Project Risk Management
Any large-scale industrial project can essentially be divided into three main phases:
- Concept description, evaluation and selection, including initial design
- Project implementation – detailed design/engineering, procurement, construction and installation
- Ongoing operations
Clearly risk exists throughout a project, but the nature of the risks faced varies according to the phase. Despite the large up-front investment required and the significant risks of time and budget over-runs during the implementation stage, current approaches to risk management at this stage of a project still rely primarily on qualitative approaches, judgement and experience.
RMRI believe that, in order to develop effective means by which to reduce or mitigate the risks faced, it is first necessary to quantitatively assess the impact of decisions, future market conditions and unplanned events on the overall returns that can be expected from the project.
Since any project is undertaken in order to generate future revenues, the assessment must account for expenditures during the project phase (CAPEX), operating costs (OPEX) and revenues generated, as well as the timing of payments and receipts.
Implementation
RMRI’s approach is centred on accounting fully for the economic impact of delays during the implementation phase of a project, by considering the effect of loss of or delays to revenues and hence overall returns.

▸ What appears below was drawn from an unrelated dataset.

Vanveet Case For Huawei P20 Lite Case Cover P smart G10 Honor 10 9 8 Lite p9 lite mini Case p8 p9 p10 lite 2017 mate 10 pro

In order to assess this impact, it is necessary to understand the operation, and RMRI do this by first developing an economic model of the planned operations, accounting for operating costs and revenues. The model reflects the cash flows of the operation under the expected ‘base case’ conditions, but is flexible and designed to account for and interpret the impact of hazards and uncertainties identified for the project.
The results of the risk assessment are communicated, via the RiBsheet™, in a clear and easily understood format.